++++ DATA LISTING ++++
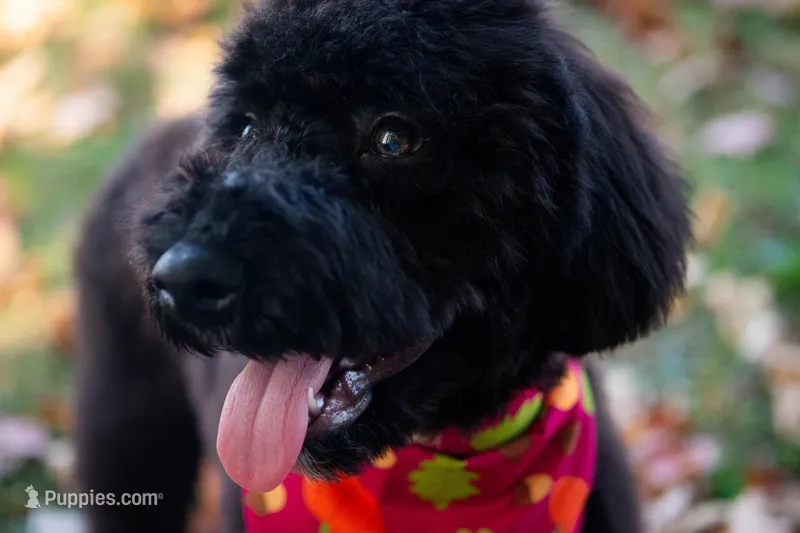 🍂🖤 Raven 🖤🍂 CRATE TRAINING, a female Aussiedoodle and Bernedoodle for sale in Lansing, MI – Photo 1 of 4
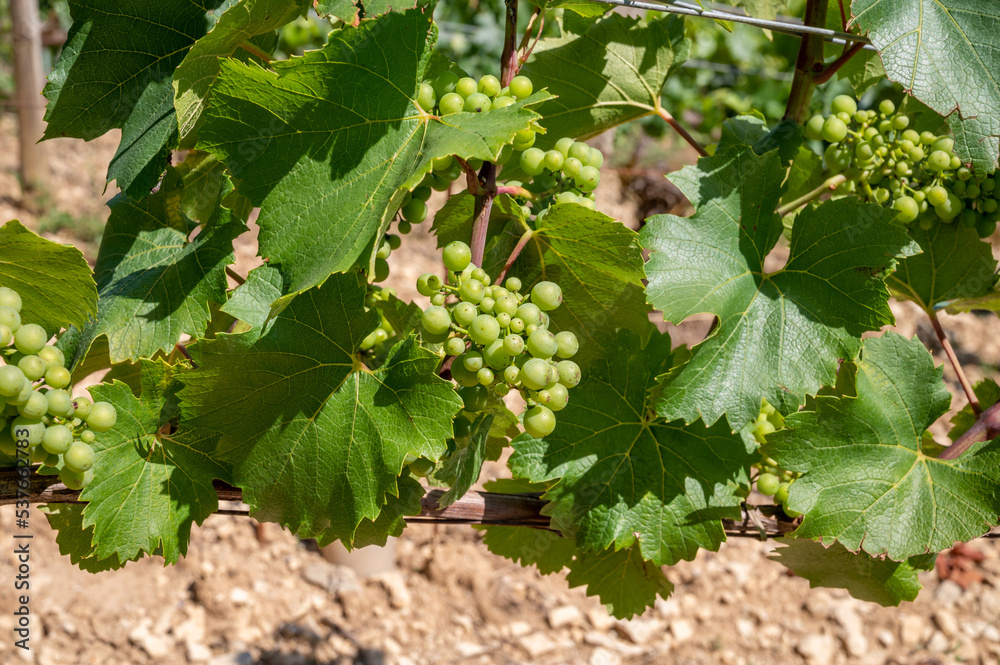 Chardonnay grape growing on Panoramic hilly Chablis Grand Cru appellation vineyards on limestone and marl soils, Burdundy, France Chardonnay grape growing on Panoramic hilly Chablis Grand Cru appellation vineyards on limestone and marl soils, Burdundy, France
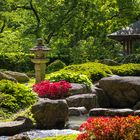 Azaleenblüte im Japangarten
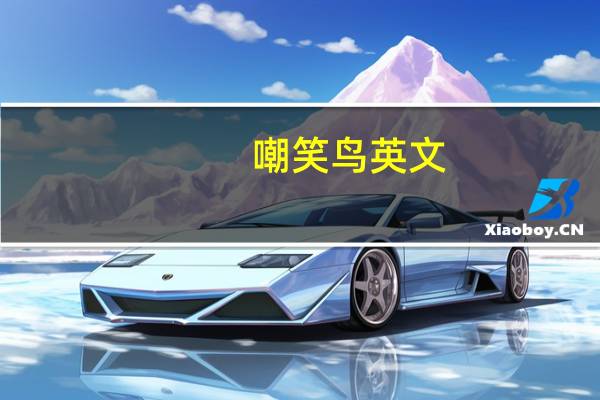 嘲笑鸟 英文（嘲笑鸟什么意思）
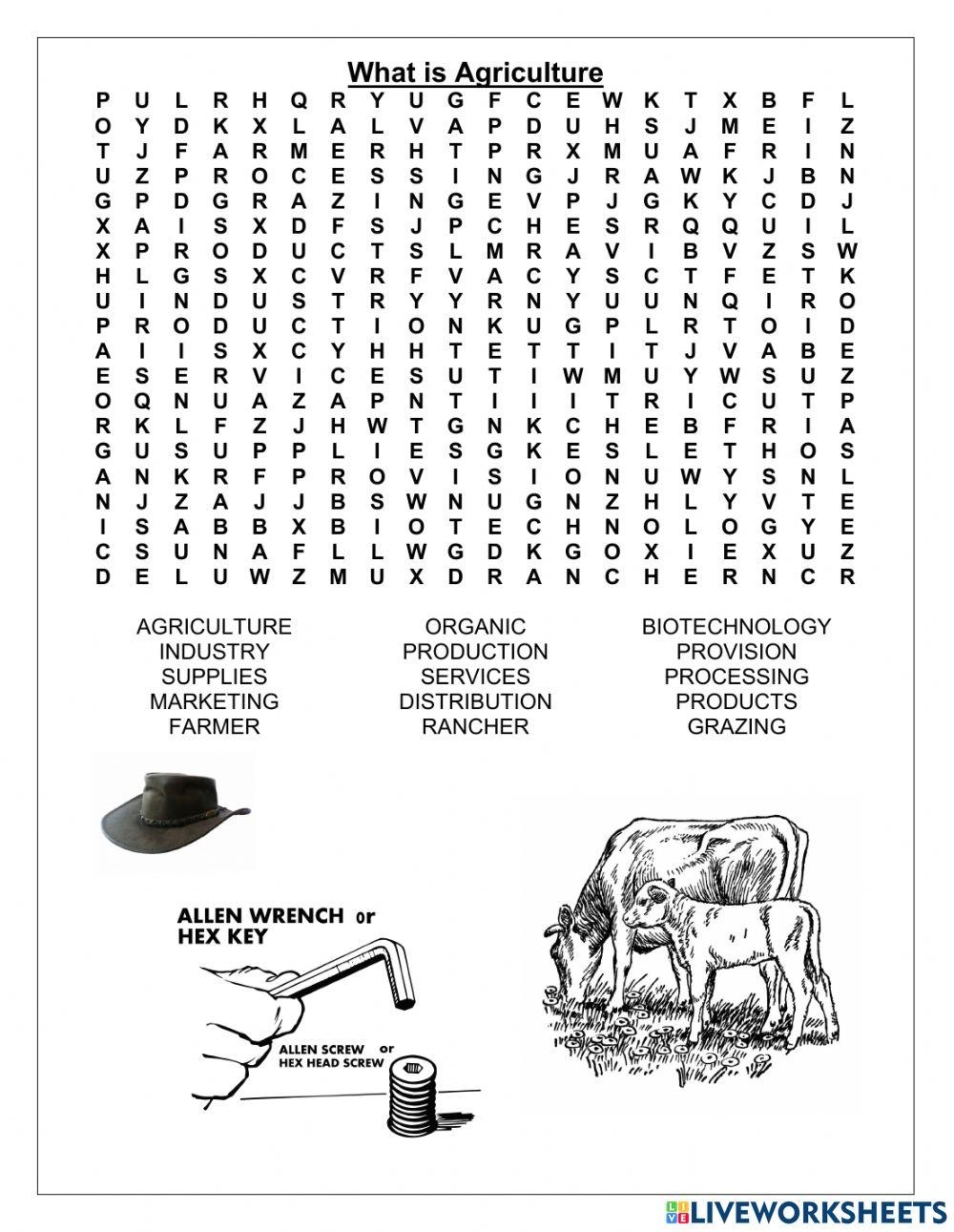 What Is Agriculture Worksheet Worksheets Library What Is Agriculture Worksheet Worksheets Library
++++
WHAT THIS TASK INVOLVES ::
Please return only the lines running from the line with "嘲笑鸟 英文（嘲笑鸟什么意思）" to the final line of the data, both included, exactly and without any pictures.

ANSWER FOR THIS EXERCISE ::
 嘲笑鸟 英文（嘲笑鸟什么意思）
 What Is Agriculture Worksheet Worksheets Library What Is Agriculture Worksheet Worksheets Library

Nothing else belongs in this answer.